EXERCISE DETAILS: Copy out the lines of the records below, and only those lines, from the one with "Let's read this" through the one with "There are more", exactly as they appear.

DATA:
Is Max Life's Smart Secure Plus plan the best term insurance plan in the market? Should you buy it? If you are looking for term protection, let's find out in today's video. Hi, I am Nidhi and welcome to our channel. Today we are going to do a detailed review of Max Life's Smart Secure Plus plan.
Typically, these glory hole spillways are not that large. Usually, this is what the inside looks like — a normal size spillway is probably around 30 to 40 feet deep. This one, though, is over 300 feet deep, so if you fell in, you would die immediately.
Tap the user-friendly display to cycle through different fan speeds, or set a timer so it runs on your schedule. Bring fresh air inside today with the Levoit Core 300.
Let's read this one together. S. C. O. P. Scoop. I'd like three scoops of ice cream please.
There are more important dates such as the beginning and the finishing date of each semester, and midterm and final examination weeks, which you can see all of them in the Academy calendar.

* * *

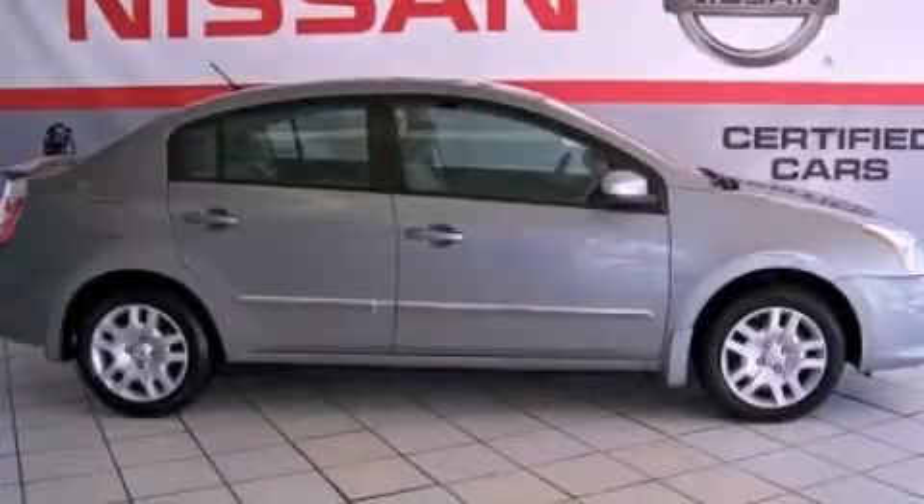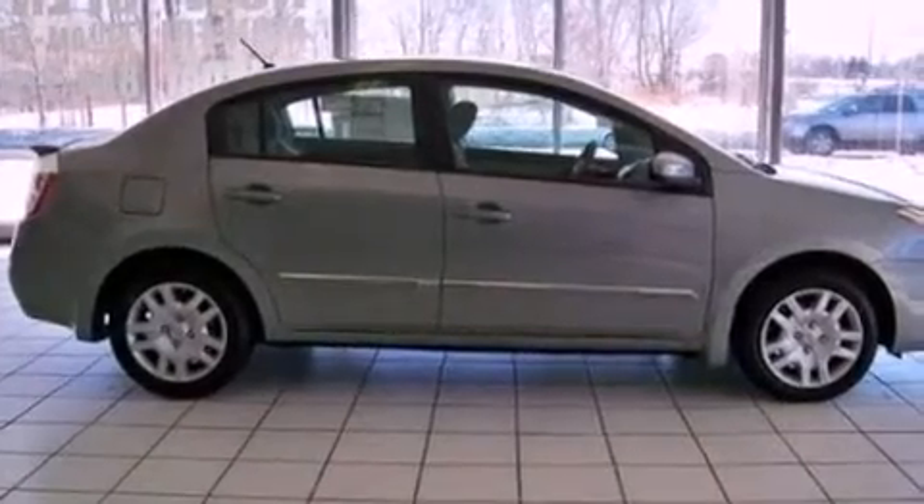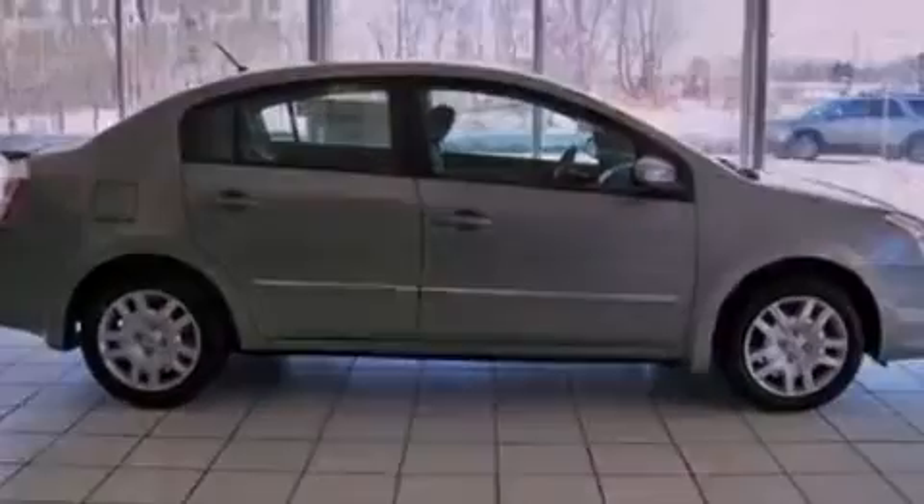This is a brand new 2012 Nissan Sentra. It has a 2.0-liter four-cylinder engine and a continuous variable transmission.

WRITTEN RESPONSE:
Let's read this one together. S. C. O. P. Scoop. I'd like three scoops of ice cream please.
There are more important dates such as the beginning and the finishing date of each semester, and midterm and final examination weeks, which you can see all of them in the Academy calendar.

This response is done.